Let me elaborate on Johannes Ebert's comment.

Since you are dealing with commuting operators, you can find a basis for $V$ so that the matrices for $A_1,\ldots,A_n$ are in Jordan normal form. So, $V$ decomposes as $V=V_1\oplus\cdots\oplus V_r$, where for each $i=1,\ldots,r$, there exists scalars $a_{ij}$, $j=1,\ldots,n$, such that $(x_j-a_{ij})^Nv=0$ for all $v\in V_i$ and $N\gg0$. Moreover, we may assume that each $V_i$ is indecomposable.

Now, we may assume $r=1$, and let $a_j$ be the generalized eigenvalues for the action of $x_j$ on $V$. By replacing $x_j$ by $x_j-a_j$, we may assume all $a_j$ are 0, and the $x_j$ are nilpotent. 

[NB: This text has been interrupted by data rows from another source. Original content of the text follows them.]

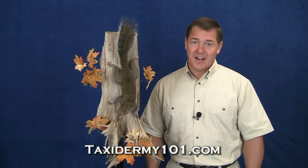Now we can see our finished mount. I really want to thank you for joining me today. I've had a lot of fun teaching you how to mount this gray squirrel.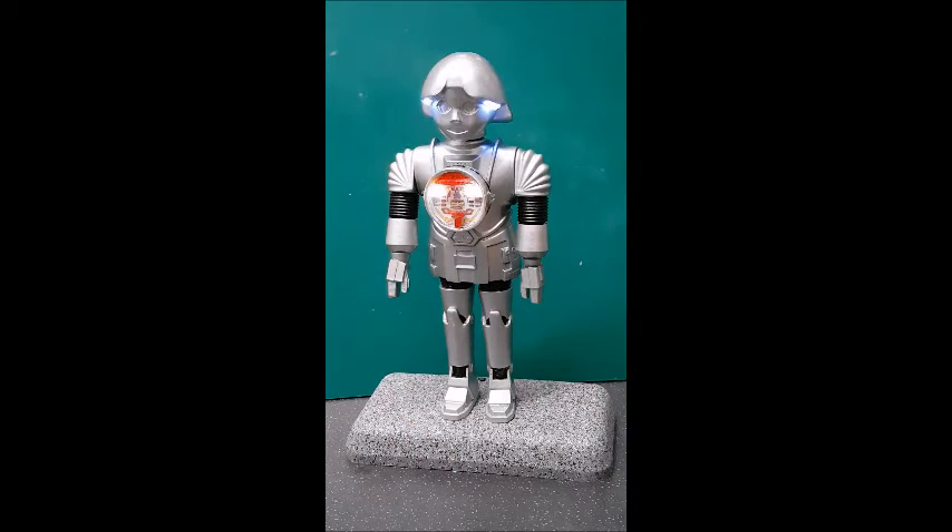I think you'd agree he's a bit of fun, and he's been a real challenge to build. It's taken me quite a while to get the eyes to wink and blink and do various things, make his eyebrows move and so on and so forth. I hope you enjoy it and look forward to seeing you again soon. Okay, bye.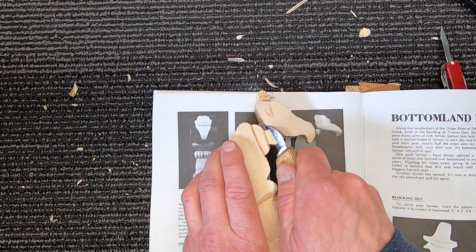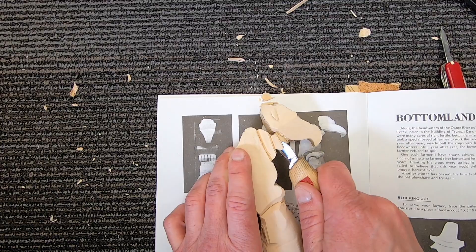I ended up doing most of the carving with this chip carving knife, which I've used a lot — I'm just way more comfortable with it.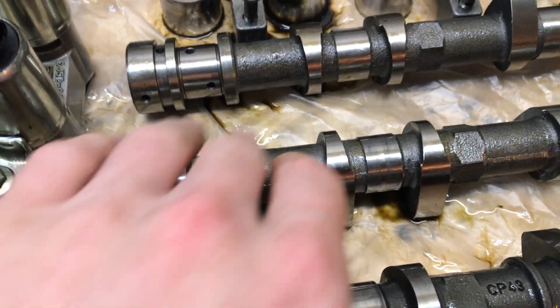I have everything labeled out. Obviously I need new buckets — these aren't gonna fit with the new ones. This is the intake cam and that's the exhaust cam. The lobes are a lot bigger on the new cams.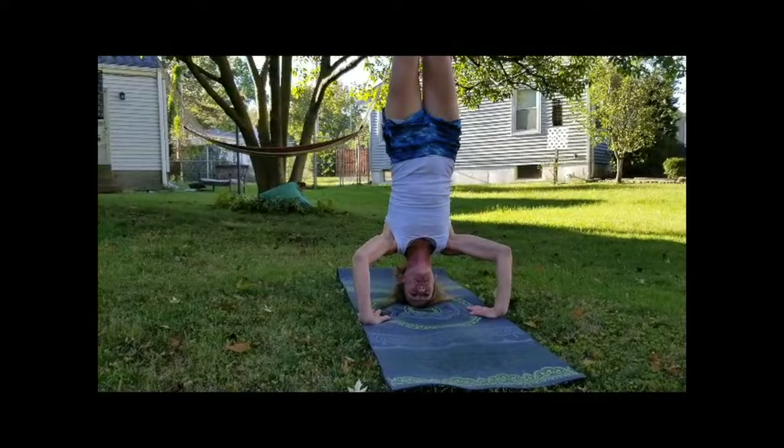Welcome! We're going to practice vinyasa flow yoga today. We'll do a bit of balancing, a bit of strengthening and opening, working the whole body. I'm Nora from St. Louis, Missouri, and you're watching Fight Master Yoga.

Now, the problem is to identify commuting families of $n$ nilpotent operators acting on a finite dimensional vector space, say of dimension $N$. To do this, for each subset 
$S\subset\{ 1,\ldots,N-1\}$, consider the matrix $e_S=\sum_{i\in S}e_{i,i+1}$. Then, we are looking for a collection of subsets $S_1,\ldots,S_n$ such that $e_{S_i}e_{S_j}=e_{S_j}e_{S_i}$. If we consider the special case where $S_i$ and $S_j$ are intervals, we see that we must have either $S_i=S_j$ or $S_i\cup S_j$ consists of two disjoint intervals. To generalize, each $S_i=\bigcup S_{ik}$, where each $S_{ik}$ is an interval, but no $S_{ik}\cup S_{il}$ is an interval.